Minor parties often struggle when they move from protest to responsibility. Internal divisions emerge. Candidate quality becomes an issue. Every misstep is amplified. Voters who were willing to lodge a protest vote suddenly ask a different question. Can these people actually run the country?
For One Nation to survive that transition, it would need to evolve without losing the reason voters supported it in the first place.
That evolution would almost certainly require leadership from the House of Representatives rather than the Senate. Governments are formed in the lower house, and voters instinctively understand that.
This is where figures with parliamentary experience become important.

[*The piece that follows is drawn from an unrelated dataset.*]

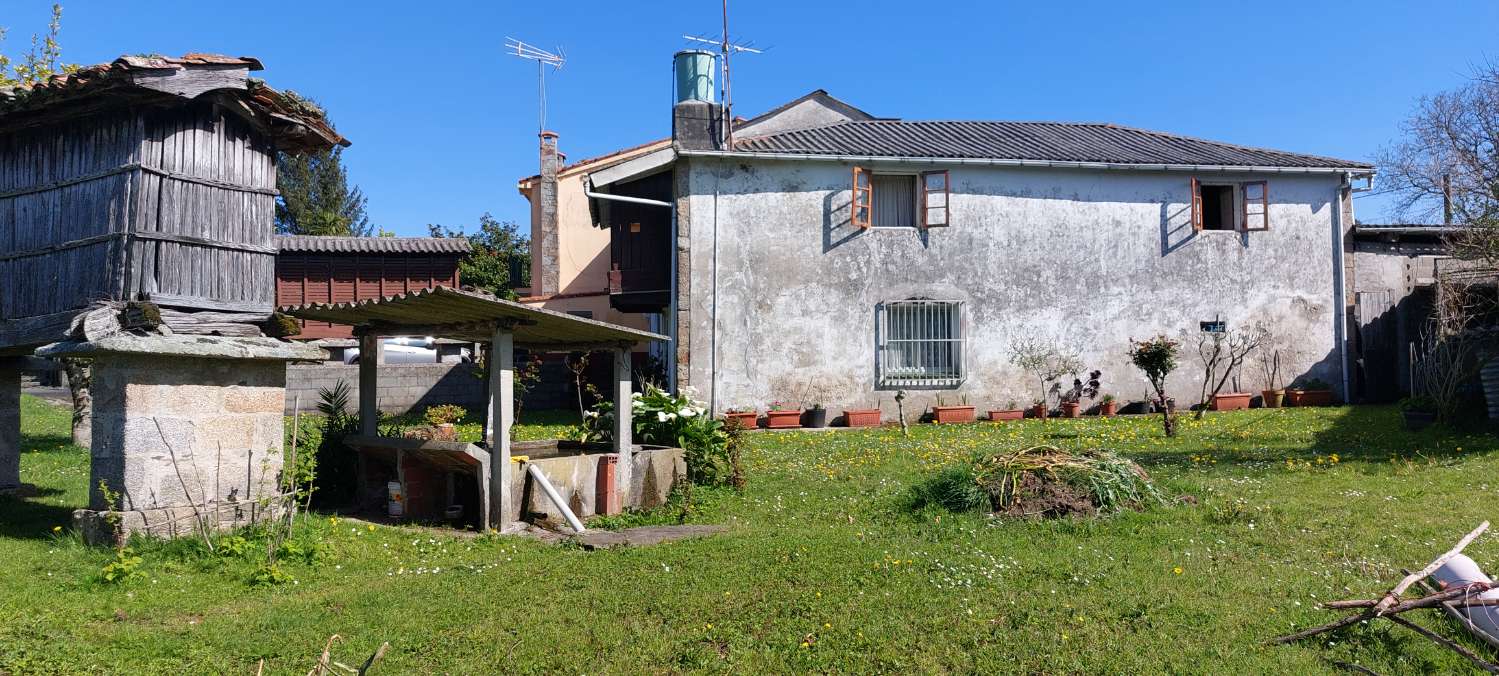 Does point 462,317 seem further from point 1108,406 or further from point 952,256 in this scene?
point 1108,406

Someone like Barnaby Joyce, who has already suggested he may seek to run again in his seat of New England, is the kind of figure who could fill that role. He understands the retail side of politics, speaks the language of regional Australia and has spent decades navigating the machinery of government.
Whether Joyce himself plays that role is less important than the principle. A party seeking government needs a leader who looks comfortable walking into the Prime Minister’s office on Monday morning.
If One Nation were to reach opposition status after the 2028 election, the next two years would become the decisive test.
Opposition is the apprenticeship of government. It provides visibility but also responsibility. Every policy must withstand scrutiny. Every statement is examined. The party must show it can prioritise practical outcomes over rhetorical flourishes.
This is where discipline becomes crucial.
A successful opposition would focus relentlessly on the issues that brought its voters together. Cost of living pressures. Housing availability. Infrastructure strain. Energy affordability. Migration levels linked to national capacity.
These are not abstract ideological debates. They are the practical concerns that dominate conversations around kitchen tables across the country.
The party that can speak to those concerns with clarity and persistence gains an enormous advantage.
Meanwhile, the political environment that made One Nation competitive in the first place would likely continue to evolve. If Labor entered a third term it would face the inevitable fatigue that comes with long incumbency. Governments accumulate grievances. Policy mistakes compound. Ministers become complacent.
The Coalition’s future is even more uncertain. A party that loses its identity struggles to regain it. If voters conclude that the Liberals and Nationals no longer represent a meaningful alternative, the political space on the centre right becomes permanently available to someone else.
That is the opportunity One Nation would seek to fill.
By 2030, the contest could begin to look less like a protest movement challenging the establishment and more like a genuine battle between an incumbent government and a new political force claiming to represent the forgotten parts of the country.
Victory in that scenario would not come from ideological purity. It would come from appearing competent, focused and determined to address the pressures Australians feel in their daily lives.
Political history is full of moments when dominant parties seemed untouchable until suddenly they were not. The old parties tend to believe that the system will always revert to its traditional shape. Voters are not obliged to cooperate with that belief.
If One Nation ever does form government, it will not happen overnight. It will happen because enough Australians decide that the established alternatives have failed them and that a once marginal movement now looks capable of doing the job.
That transformation begins long before the election that finally delivers power.
“There are decades where nothing happens; and there are weeks where decades happen.”